--- MATERIAL FOR THIS EXERCISE ---

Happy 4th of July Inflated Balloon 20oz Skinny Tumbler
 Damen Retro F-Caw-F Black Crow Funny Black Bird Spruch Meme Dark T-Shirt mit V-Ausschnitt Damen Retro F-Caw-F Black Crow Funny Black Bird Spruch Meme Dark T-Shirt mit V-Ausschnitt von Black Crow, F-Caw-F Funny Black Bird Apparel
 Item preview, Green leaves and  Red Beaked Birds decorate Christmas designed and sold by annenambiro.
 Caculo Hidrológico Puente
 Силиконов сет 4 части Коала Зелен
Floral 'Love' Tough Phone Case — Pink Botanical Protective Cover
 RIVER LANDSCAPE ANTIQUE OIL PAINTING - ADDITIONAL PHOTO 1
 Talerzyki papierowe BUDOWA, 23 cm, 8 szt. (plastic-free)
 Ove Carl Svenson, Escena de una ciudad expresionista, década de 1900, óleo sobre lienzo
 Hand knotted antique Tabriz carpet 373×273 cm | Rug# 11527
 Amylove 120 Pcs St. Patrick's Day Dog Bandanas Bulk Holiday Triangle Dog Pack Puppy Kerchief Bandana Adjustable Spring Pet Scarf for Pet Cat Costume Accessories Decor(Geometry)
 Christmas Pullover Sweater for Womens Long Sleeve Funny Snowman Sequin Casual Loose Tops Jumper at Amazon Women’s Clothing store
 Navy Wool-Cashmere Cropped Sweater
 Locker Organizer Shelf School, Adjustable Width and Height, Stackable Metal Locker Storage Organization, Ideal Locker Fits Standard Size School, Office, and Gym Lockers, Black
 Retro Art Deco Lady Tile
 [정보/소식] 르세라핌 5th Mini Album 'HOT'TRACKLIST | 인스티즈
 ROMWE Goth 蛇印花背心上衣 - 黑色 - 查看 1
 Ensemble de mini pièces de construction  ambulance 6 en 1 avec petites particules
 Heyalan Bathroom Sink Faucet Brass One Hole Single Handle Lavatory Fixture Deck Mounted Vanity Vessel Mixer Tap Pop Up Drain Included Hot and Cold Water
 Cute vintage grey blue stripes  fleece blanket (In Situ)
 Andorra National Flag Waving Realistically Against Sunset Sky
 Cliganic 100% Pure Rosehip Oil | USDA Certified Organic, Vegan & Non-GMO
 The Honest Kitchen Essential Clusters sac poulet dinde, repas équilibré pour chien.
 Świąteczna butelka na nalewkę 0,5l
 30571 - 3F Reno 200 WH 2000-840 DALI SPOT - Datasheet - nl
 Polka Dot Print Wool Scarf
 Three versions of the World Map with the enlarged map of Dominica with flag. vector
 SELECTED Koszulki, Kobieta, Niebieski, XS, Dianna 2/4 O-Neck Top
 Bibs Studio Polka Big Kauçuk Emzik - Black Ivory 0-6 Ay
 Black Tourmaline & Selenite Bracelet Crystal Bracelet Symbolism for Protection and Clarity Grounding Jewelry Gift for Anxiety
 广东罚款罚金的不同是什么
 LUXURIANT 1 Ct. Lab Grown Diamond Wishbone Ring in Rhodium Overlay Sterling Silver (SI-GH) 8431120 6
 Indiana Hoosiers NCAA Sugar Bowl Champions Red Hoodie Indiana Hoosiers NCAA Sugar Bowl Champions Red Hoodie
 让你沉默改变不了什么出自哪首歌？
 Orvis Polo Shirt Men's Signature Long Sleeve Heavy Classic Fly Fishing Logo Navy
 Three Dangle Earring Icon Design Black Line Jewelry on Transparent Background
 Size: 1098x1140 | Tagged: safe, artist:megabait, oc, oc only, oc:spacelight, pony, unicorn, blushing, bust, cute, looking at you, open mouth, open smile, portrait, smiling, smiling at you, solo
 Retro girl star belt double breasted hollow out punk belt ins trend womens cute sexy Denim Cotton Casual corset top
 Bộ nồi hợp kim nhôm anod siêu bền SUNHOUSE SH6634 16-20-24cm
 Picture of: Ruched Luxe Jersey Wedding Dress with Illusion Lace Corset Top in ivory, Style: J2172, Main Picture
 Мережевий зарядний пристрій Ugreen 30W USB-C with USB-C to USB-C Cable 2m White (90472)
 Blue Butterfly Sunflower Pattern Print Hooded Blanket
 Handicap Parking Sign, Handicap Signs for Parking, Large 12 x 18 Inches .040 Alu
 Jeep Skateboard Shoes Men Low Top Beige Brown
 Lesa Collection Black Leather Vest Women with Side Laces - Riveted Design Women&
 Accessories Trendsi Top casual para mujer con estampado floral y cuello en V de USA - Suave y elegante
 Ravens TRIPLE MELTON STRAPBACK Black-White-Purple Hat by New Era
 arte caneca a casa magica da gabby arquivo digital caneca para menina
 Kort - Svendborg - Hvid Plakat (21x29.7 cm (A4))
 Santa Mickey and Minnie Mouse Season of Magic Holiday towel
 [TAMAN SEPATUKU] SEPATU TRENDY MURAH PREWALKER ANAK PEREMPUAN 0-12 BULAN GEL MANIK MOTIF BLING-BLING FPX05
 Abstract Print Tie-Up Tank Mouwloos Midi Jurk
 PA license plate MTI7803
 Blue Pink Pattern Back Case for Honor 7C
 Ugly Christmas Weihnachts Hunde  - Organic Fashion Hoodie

---

**HOW TO COMPLETE THIS TASK:**
Go through the material above and output exactly the lines from the one containing "ROMWE Goth 蛇印花背心上衣 - 黑色 - 查看 1" through the one containing "Świąteczna butelka na nalewkę 0,5l".

**EXERCISE OUTPUT:**
 ROMWE Goth 蛇印花背心上衣 - 黑色 - 查看 1
 Ensemble de mini pièces de construction  ambulance 6 en 1 avec petites particules
 Heyalan Bathroom Sink Faucet Brass One Hole Single Handle Lavatory Fixture Deck Mounted Vanity Vessel Mixer Tap Pop Up Drain Included Hot and Cold Water
 Cute vintage grey blue stripes  fleece blanket (In Situ)
 Andorra National Flag Waving Realistically Against Sunset Sky
 Cliganic 100% Pure Rosehip Oil | USDA Certified Organic, Vegan & Non-GMO
 The Honest Kitchen Essential Clusters sac poulet dinde, repas équilibré pour chien.
 Świąteczna butelka na nalewkę 0,5l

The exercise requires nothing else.